Я наскоро перекусил и вышел на воздух. Благоухание цветущих южных садов охватило меня и повлекло по ступеням из ноздревато камня. Крымский строительный известняк. Из него изготовлены тропинки многих севастопольских улиц. Здесь их принято называть трапами, как на флоте.
С обеих сторон к трапам тесно прижались каменные дома, увитые плющом и виноградом. В раскрытых нараспашку окнах бурлила темпераментная жизнь. Горячая южная кровь давала о себе знать в выхлопах заливистого смеха и в бурных семейных сценах. Звенела посуда, заливисто лаяли псы на взлетающих на стены котов.
Я поднимался на Исторический бульвар, или как его здесь запросто называют Историк. Шумели на ветру кипарисы, весь в розовом сиянии цвел миндаль. Внизу лежала Южная бухта, а над лестницами вздымался к небу памятник Тотлебену в окружении, ощетинившихся штыками, грозных матросов. В Крымскую войну Тотлебен возглавлял инженерное прикрытие города.

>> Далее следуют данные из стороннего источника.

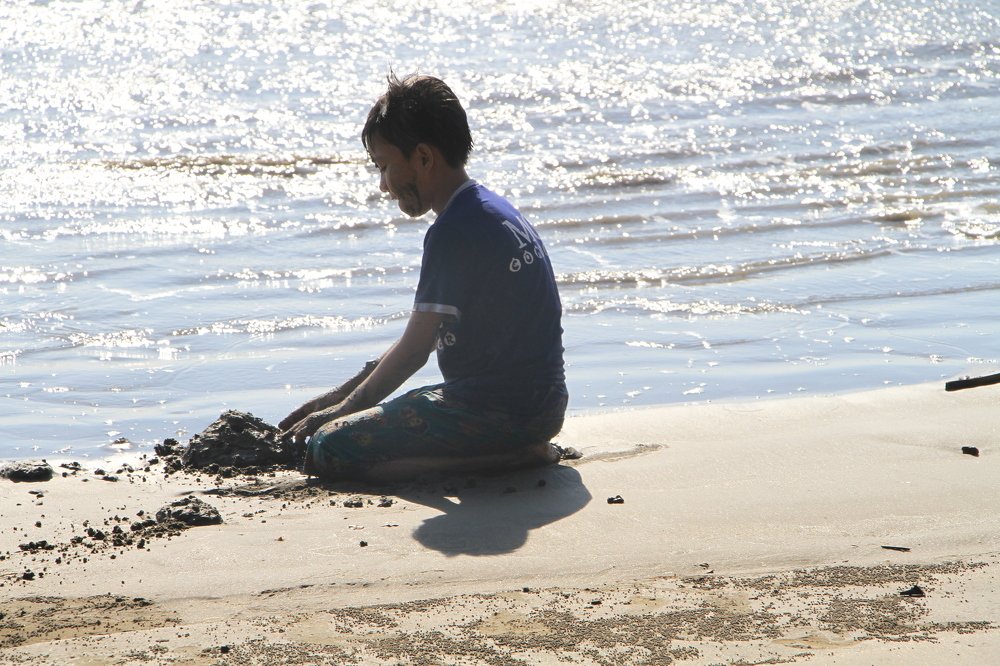 Фотография автора Hla Moe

Говорят во время второй обороны, в 1941-м немецкой артиллерией у памятника срезало снарядом голову. Однако даже немцы, уж на что фашисты и то проявили уважение к соплеменнику и выдающемуся фортификатору. Саперы вермахта дернули из порта пару наших сварщиков и по-быстрому приварили голову на место. Правда легенда утверждает, что впопыхах оккупанты присобачили инженеру голову одного из матросов, так что после победы советским скульпторам пришлось вернуть Тотлебену его заслуженную часть тела.

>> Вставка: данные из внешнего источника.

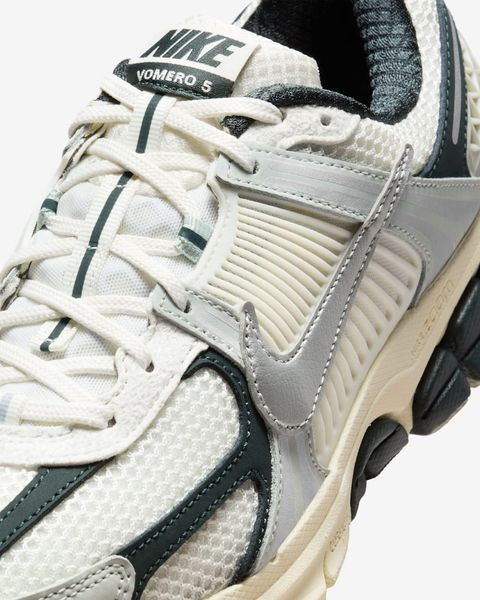 Оригінальні кросівки Nike Wmns Zoom Vomero 5 "Sail/Light Silver/Seaweed/Metallic Silver" (IO7452-133) IO7452-133 фото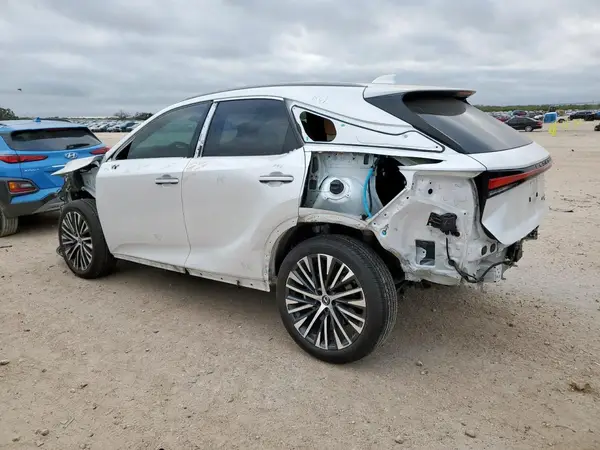 2T2BBMCA3SC081014 2025 LEXUS RX - Image 2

Дальше, на вершине кургана, среди рощ раскинулись бетонные бастионы. Я бродил среди траншей. Гладкие, черные, стволы чугунных пушек грозно возлежали на станках, нацелившись на севастопольские бухты.

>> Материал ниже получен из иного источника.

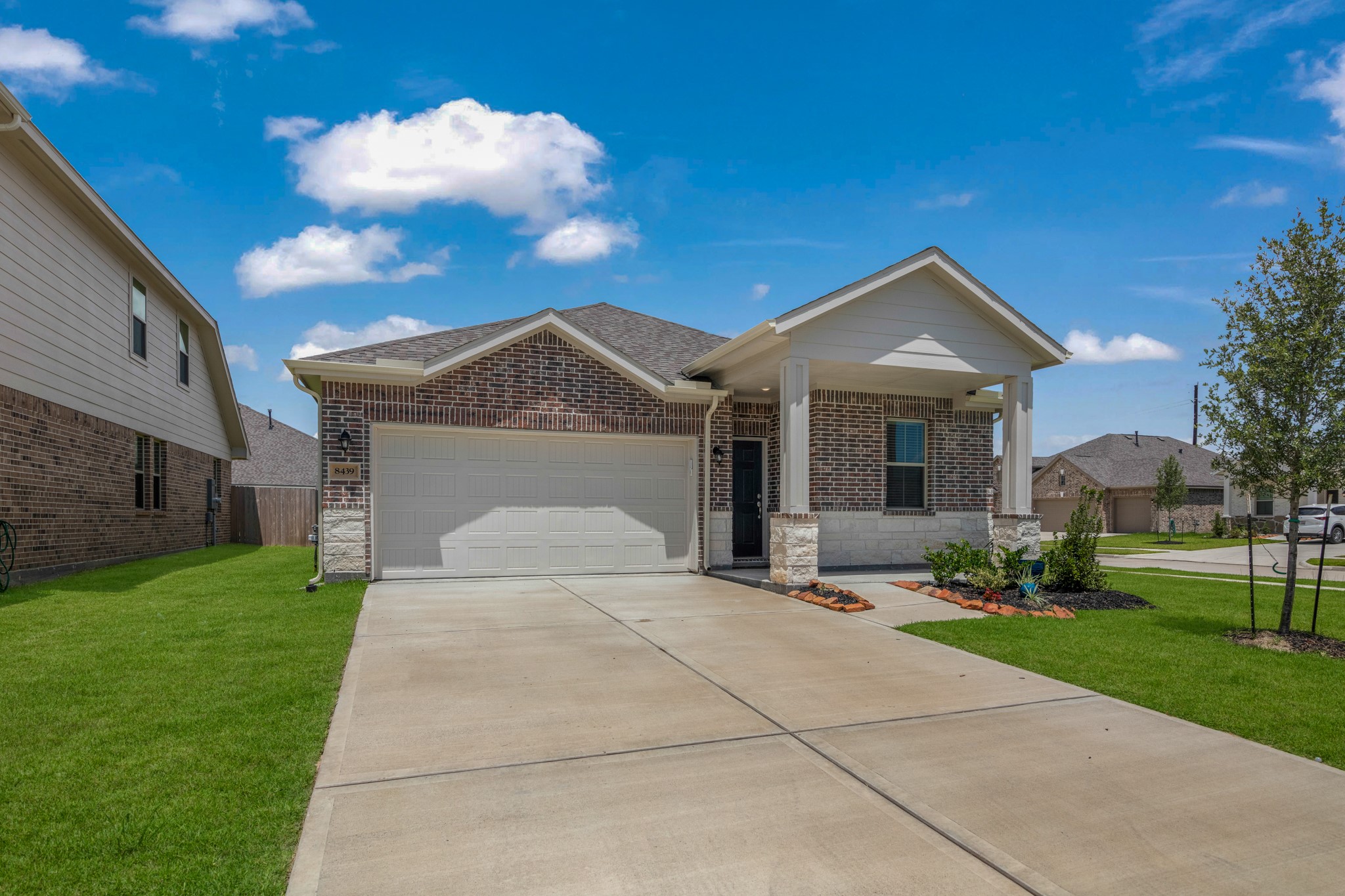 8439 Moonlight Bay Circle, Baytown, TX, 77523 | 71540950 | Realty Texas LLC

Я прислонился к одному из орудий, его мощное тело хранило тепло солнечного, крымского полдня. Акации в цвету роняли под напорами ветра свои лепестки. Ворохи цветов с шумом, точно сухой прибой, мчались по мостовым, набегали на бордюры и стены домов
Расположившись на лавочке под гостеприимной, широкой кроной, я укрылся в тени от палящих и жалящих мою белую кожу, лучей и раскрыл пожелтевшие страницы. И на меня с них накатило тоже ощущение, что жило в моем сердце вот уже несколько дней. Автор шел теми же улицами и вдыхал бальзамические ароматы севастопольских дней. Он видел белую песчаную косу, и несколько хаток на ней. Распятые на просушку, старые сети в лохмотьях водорослей. Пляску байд на изумрудной волне.
Зачитавшись, я не заметил, как солнце сдвинулось, потеснило тень дерева и начало обжигать мои ноги. Только внезапно проснувшееся чувство голода и убавленный сумерками свет заставили меня оторваться от книги. Я потянулся, с сочувствием посмотрел на покрасневшую кожу ступней, и поплелся в кафе «Бастион».
Впереди были выходные, поэтому ночью я отправился на Парк Победы. В отличие от уютных бухт, этот пляж выходил в открытое море, рассекая многокилометровые, широкие волны, узкими волнорезами.
Когда минуешь бетонные стрелы пирсов, чувствуешь, как тебя пронзает волна длинной от одного меридиана до другого. Космическое расстояние нанизывает тебя, как нитка иголку. Я вышел на берег. Солнце ещё не побагровевшее с досады, что пора покидать сцену неба, сияло золотым пламенем. Самый искренний и ласковый свет. Я сплел ноги листьями лотоса, и вертел в пальцах гладкие голыши. Я не верю в эту чепуху с медитациями. Но если что-то нужно запомнить, можно долго смотреть, а потом резко захлопнуть ресницы, словно отбивая на матрице снимок.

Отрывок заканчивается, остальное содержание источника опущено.